I'm giving this FlyLady thing another chance. I'm on day 3. The apartment looks  better and I've realized that it isn't as bad as I thought it was, but I'm seriously spending like 2 hours on my morning routine completing her easy 2-15 minute exercises. That's not even accounting for the seasonal list of things that she says need doing. It's effective, but kind of hard to do. By the time I'm done I'm out of the mood to dye yarn. This is what today's list looks like, along with commentary:

*dust living room (okay, but let me take some zyrtec first)
*declutter car (I'm putting a time limit of 15 minutes on this)
*declutter purse (Um, I'd better put a time limit on this, too)
*15 minutes picking up and taking out trash (who needs 15 minutes for this?)
*drink water (done!)
*5 minute room rescue (surprisingly effective in my office)
*plan dinner (pizza--done!)
*relax for 15 minutes (that's called sleep, right?)

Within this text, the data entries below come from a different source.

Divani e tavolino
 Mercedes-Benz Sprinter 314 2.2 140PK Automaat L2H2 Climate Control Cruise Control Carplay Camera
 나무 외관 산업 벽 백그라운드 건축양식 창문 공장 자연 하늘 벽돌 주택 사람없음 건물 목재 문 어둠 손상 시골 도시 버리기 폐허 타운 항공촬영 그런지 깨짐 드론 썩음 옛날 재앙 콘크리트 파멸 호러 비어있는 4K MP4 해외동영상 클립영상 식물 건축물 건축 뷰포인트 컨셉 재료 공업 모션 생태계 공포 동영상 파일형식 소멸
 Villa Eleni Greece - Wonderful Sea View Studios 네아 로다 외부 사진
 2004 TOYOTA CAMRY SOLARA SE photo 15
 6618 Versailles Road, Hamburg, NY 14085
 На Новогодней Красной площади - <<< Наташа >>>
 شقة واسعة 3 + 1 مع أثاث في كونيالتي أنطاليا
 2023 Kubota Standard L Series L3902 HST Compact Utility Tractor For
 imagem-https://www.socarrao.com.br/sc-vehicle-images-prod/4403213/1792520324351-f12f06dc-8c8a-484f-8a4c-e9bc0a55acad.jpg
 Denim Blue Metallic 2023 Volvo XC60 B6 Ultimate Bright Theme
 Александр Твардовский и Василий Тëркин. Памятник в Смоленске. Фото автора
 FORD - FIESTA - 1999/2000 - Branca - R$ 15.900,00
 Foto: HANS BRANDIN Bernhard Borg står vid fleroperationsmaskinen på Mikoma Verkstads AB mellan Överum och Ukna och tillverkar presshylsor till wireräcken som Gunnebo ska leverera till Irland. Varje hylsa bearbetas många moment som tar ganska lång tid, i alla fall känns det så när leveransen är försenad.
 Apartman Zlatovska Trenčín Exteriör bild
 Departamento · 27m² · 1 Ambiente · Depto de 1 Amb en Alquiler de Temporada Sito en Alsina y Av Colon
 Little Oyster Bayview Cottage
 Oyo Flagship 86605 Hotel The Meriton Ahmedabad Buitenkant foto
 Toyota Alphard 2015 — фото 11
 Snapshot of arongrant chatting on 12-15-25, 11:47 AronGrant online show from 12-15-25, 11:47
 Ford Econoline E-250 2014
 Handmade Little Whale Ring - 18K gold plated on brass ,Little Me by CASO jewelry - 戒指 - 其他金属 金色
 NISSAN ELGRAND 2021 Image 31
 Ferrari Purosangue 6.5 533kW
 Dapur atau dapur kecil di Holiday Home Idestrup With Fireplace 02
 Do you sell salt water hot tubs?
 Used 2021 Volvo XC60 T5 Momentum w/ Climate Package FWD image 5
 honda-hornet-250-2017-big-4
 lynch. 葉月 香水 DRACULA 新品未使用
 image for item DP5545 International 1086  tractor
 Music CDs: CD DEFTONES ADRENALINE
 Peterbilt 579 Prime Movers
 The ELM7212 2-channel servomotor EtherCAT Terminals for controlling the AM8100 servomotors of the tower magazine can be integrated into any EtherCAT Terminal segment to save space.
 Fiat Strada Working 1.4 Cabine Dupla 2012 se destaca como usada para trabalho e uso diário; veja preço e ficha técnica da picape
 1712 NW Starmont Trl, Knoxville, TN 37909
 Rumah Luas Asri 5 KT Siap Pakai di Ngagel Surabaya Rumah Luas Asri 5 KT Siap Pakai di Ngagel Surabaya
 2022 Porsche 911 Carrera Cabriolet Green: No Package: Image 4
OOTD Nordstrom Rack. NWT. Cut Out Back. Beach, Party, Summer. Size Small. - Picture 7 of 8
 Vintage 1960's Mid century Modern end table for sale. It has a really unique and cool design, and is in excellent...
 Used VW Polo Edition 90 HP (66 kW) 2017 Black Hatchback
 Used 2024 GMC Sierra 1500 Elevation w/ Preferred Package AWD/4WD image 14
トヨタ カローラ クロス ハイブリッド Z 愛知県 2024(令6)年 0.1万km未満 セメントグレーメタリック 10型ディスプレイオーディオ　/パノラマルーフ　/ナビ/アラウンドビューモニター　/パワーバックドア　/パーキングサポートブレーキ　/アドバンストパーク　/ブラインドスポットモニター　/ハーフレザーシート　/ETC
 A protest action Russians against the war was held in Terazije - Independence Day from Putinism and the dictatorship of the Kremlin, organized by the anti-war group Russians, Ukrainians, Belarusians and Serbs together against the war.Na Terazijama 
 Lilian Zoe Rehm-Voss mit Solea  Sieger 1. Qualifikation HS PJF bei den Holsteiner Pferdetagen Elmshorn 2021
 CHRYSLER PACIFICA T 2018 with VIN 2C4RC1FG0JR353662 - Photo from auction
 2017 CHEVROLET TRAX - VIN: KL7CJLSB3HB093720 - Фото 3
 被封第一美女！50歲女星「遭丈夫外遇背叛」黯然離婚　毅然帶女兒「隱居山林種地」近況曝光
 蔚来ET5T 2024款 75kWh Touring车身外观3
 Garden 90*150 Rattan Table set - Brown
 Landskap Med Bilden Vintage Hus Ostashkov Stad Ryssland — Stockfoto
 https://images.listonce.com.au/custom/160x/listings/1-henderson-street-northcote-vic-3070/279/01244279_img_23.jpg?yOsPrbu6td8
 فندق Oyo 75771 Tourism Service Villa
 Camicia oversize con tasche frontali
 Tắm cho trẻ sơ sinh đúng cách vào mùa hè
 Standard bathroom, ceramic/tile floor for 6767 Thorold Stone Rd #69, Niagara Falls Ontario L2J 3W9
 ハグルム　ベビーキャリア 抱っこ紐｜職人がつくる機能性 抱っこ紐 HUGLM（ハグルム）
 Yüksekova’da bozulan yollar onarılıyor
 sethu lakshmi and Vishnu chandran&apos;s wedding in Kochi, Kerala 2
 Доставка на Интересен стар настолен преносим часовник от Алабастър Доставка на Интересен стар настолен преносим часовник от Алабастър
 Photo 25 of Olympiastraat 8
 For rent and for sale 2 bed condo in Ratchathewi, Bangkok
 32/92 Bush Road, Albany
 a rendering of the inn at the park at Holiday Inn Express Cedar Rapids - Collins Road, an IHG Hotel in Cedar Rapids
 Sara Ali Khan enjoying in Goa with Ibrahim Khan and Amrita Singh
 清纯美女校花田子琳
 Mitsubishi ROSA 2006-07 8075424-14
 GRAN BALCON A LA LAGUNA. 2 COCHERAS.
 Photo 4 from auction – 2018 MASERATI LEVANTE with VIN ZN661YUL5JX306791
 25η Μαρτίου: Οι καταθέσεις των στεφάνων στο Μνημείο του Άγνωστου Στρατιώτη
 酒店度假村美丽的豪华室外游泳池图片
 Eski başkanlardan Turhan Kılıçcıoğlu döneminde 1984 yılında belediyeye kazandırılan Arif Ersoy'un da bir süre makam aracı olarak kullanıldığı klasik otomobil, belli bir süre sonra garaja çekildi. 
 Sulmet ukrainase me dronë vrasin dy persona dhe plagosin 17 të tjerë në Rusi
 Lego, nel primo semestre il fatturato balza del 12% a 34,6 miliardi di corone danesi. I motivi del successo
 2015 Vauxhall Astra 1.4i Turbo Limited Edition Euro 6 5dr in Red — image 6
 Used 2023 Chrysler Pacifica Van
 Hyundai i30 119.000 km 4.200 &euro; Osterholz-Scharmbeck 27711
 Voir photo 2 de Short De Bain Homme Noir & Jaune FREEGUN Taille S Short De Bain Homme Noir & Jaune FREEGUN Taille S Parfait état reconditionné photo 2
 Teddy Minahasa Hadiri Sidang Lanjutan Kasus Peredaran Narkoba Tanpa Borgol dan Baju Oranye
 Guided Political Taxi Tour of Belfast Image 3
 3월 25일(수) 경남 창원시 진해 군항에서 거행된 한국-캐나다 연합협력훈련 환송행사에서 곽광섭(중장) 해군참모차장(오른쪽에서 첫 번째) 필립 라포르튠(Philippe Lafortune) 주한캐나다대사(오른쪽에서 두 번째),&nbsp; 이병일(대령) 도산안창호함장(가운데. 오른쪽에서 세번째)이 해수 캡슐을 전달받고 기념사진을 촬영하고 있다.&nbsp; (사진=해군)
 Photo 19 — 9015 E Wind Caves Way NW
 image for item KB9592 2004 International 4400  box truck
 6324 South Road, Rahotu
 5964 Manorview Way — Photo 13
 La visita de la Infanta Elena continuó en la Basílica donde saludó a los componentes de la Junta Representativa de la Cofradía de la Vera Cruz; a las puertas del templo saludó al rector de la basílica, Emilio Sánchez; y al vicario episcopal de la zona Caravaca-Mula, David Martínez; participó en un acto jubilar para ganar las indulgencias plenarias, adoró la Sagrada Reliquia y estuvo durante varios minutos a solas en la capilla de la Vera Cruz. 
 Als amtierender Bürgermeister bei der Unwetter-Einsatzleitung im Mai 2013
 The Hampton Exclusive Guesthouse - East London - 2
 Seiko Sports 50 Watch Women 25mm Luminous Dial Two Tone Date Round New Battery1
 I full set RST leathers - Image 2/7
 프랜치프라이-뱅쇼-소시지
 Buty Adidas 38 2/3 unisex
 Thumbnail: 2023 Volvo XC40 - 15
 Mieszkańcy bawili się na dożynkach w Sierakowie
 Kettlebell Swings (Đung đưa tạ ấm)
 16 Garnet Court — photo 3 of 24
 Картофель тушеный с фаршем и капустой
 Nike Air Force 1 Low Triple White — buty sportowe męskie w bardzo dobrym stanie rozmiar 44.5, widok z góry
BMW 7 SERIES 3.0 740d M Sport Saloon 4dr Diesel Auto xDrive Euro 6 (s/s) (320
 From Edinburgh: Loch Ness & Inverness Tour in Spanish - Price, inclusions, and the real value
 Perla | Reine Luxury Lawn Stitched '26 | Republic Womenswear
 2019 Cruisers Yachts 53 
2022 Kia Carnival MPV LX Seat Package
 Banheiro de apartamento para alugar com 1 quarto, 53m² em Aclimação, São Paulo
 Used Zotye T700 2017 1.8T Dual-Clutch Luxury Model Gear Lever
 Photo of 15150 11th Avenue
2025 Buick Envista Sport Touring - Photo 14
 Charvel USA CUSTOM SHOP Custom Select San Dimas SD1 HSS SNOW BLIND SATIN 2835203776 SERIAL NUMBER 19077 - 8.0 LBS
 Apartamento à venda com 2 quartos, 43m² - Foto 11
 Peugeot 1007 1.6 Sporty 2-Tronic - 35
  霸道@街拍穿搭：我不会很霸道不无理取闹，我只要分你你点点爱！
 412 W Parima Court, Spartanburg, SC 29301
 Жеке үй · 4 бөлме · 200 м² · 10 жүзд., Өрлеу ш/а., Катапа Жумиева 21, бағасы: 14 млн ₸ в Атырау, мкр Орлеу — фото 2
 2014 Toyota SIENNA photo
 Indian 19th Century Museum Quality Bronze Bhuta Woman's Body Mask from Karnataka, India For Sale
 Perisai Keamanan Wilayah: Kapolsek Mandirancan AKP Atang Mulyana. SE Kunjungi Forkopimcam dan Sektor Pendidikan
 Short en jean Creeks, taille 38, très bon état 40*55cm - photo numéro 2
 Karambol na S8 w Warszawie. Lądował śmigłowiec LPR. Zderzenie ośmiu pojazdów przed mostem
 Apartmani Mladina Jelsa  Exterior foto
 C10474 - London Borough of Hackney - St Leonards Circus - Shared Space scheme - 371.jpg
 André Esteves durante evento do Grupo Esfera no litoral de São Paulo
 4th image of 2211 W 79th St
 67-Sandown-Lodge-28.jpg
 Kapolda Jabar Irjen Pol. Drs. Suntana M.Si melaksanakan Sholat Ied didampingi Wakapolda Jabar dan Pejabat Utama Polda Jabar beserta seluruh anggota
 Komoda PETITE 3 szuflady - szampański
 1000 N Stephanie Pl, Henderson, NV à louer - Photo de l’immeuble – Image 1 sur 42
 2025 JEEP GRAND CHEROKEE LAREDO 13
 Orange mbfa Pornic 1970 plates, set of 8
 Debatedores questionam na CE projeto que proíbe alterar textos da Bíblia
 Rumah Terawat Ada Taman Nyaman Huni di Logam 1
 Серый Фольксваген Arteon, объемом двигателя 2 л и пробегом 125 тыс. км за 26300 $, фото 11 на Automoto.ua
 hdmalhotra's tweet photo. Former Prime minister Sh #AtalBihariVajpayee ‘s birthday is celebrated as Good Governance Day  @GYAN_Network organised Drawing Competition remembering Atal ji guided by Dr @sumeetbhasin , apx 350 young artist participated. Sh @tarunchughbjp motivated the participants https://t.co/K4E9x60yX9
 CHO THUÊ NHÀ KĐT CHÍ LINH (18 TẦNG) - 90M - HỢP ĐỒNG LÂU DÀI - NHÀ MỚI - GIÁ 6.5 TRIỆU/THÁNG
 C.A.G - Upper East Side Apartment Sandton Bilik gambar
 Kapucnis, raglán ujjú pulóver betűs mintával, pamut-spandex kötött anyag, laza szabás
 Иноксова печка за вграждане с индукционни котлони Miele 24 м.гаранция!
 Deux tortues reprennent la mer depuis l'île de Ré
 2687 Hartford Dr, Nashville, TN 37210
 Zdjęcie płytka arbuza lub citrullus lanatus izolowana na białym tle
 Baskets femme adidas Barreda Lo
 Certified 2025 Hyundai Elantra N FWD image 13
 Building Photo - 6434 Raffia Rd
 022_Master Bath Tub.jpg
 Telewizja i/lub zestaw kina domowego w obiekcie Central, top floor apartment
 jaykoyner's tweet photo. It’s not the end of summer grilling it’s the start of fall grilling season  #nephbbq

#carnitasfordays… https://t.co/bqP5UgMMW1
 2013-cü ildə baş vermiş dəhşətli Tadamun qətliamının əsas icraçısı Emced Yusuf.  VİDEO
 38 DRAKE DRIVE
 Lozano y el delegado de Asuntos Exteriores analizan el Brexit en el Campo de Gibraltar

*work out (my morning decluttering and cleaning routine wears me out so much that I don't do this until right before bed. I've also been having a flare-up of every damn thing that's wrong with me so I have to be careful not to overdo it. Stupid. I used to lift weights and bike miles a day, dammit.)
*shine sink (I reluctantly admit that my work day is easier if the day starts with a clean sink.)
*2 minutes in "hot spot" twice a day (my hotspot is my kitchen table. I always need more than 2 minutes to clean it off. I'm confused why stuff keeps ending up  there.)
*15 minute declutter (I've been focusing on my dye shelf. That shelf is awash in disorganization and frustration. 3 15-minute sessions later and I've only got 2 shelves decluttered and 0 shelves organized)
*make bed (I have never done this regularly. I reluctantly admit to liking a made bed at night.)
*swish and shine (Shine means wiping down the bathroom sink. Swish means cleaning the toilet. I hates this, I do. I'm not ready to admit that the bathroom looks awesome.)
*a load of laundry a day (I don't make that much laundry. Maybe a load every 3 days?)
*empty dishwasher every morning (I don't make that many dishes, so I have yet to need to empty it. Go me.)
*work 8 hours a day (this is not a Fly Lady directive, but it sort of needs doing what with it being essential to paying the electric bill. Sadly, although I have finished everything FlyLady told me to the last 3 days, I have failed to work a full 8 hours any of the last 3 days)

Conclusion: I've already priced out how much a professional organizer and a cleaning service would cost.